The “unleashing” of Transition Town Lewes was rather an inspiring event. There were about 400 people in Lewes Town hall, and when I arrived, there was standing room only.
The highlight of the evening was a talk from Rob Hopkins, who gave an account of Peak Oil. I learned that global discovery peaked in 1965; apparently production usually peaks 20-30 years after discovery!
Chris Johnstone gave an interesting session on change (climaxing in the use of a harmonica as an alternative energy source…) a choice which recognised that much of the audience already has the motivation, and reflects the importance of taking action.
What impressed me most about Hopkin’s response (and I haven’t been impressed by responses before) was the focus creating a vision of an abundant post-oil economy. Most commentators seem to focus on the negatives, which leaves the consequences and the alternatives wide open: great if you want to sign people up to your theory, but useless if you want people to cooperate to move things forward.

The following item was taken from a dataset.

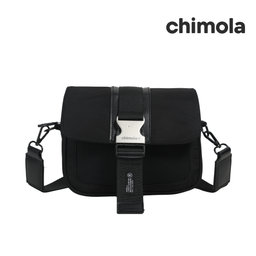 [50225-3] BANDOLERA MORRAL CHIMOLA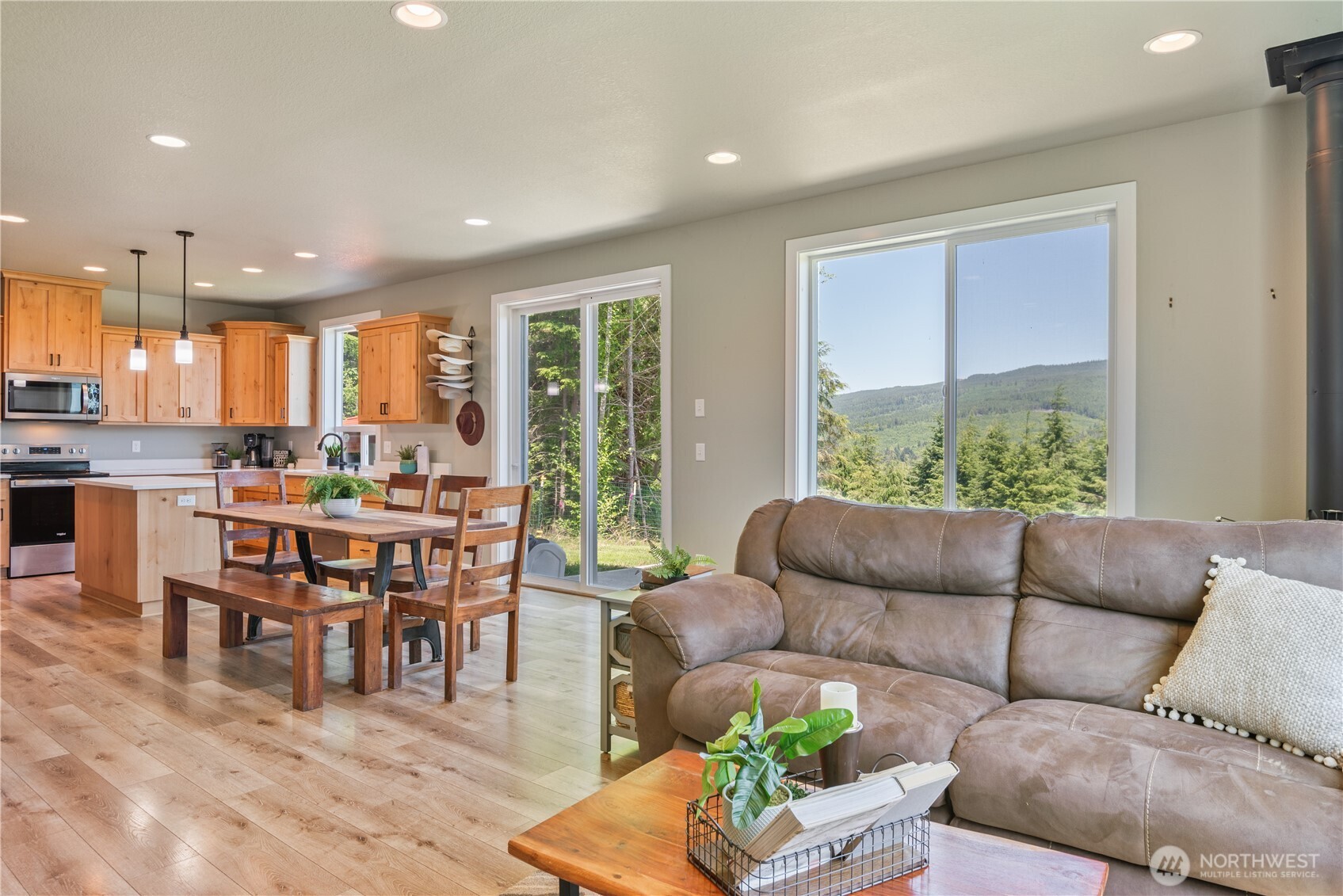327 Parpala Road Naselle WA 98638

- trying to visualise a positive vision of an abundant, low energy future (it is possible)
- starting from where we are now, planning the transition to realise it
- setting a realistic timeframe: 10 years to adapt
- capturing local knowledge of the pre-oil (boom) economy
- engaging the challenge as a community: avoiding “them and us”

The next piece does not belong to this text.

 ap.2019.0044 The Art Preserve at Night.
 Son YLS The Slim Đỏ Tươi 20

This last includes engagement in the political process (there’s a planning group for liaison with the council) without being constrained by it: the only way change will happen is if, as a community, we make it happen. Being positive is not about looking forward to the oil running out (some do: Soil Association director Patrick Holden admitted to feeling smug before he met Hopkins, whilst the BNP are ready to make political hay). It’s about being creative and constructive; and making positive choices.